Final answer:
To compute the horizontal distance with the given slope angle of 1 degree and 5 minutes, and the slope measurement of 36.255 meters, convert the angle to decimal degrees, and use the cosine function. The horizontal distance is approximately 36.246 meters.
Step-by-step explanation:
The slope angle and the slope measurement between two points are given, and the task is to compute the horizontal distance. The slope angle is 1 degree and 5 minutes; first, we need to convert this angle into decimal degrees. Each minute is 1/60 of a degree, so 5 minutes is 5/60 or 1/12 of a degree. Thus, the angle in decimal degrees is 1 + 1/12, which is approximately 1.08333 degrees.

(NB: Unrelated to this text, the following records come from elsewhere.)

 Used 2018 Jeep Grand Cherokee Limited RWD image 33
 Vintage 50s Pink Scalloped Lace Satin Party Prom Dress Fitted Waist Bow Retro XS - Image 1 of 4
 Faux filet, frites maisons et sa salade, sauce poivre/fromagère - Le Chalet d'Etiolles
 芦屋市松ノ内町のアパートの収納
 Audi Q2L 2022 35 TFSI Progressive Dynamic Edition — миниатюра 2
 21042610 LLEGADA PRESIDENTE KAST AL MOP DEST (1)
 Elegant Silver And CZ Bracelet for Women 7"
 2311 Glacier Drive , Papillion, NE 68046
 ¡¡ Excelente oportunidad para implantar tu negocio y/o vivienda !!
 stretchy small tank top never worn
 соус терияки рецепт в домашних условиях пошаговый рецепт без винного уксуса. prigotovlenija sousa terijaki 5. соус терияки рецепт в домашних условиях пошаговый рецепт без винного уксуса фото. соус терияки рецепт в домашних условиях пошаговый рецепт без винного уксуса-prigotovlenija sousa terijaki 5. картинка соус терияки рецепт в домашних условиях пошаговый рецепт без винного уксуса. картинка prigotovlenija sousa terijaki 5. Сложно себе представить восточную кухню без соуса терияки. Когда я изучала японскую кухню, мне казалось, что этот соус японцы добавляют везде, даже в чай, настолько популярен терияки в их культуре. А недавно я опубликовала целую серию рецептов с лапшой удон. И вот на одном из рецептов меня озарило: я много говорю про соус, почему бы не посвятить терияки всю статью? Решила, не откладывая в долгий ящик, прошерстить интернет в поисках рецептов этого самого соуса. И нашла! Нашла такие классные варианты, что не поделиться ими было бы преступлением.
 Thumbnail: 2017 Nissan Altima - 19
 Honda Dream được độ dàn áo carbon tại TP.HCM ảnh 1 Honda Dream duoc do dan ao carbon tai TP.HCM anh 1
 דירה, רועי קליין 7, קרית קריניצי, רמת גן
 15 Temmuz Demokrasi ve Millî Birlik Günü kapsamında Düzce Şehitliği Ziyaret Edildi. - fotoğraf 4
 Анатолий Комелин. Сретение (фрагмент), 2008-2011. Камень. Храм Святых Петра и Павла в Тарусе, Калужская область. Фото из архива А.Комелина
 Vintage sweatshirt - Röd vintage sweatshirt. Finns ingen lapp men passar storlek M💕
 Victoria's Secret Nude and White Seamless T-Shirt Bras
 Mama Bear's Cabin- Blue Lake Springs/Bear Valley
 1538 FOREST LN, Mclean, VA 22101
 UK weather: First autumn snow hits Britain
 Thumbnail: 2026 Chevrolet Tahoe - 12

The slope measurement is the length of the slope, which is the hypotenuse of a right triangle where the horizontal distance is the base, and the vertical distance is the height. To find the horizontal distance, we use the cosine of the slope angle:
Cos(angle) = Adjacent side (horizontal distance) / Hypotenuse (slope measurement). Therefore:
Horizontal distance = Cos(angle) × Slope measurement
= Cos(1.08333 degrees) × 36.255 meters
= 0.9998477411 × 36.255 meters
= approximately 36.246 meters, which is the horizontal distance.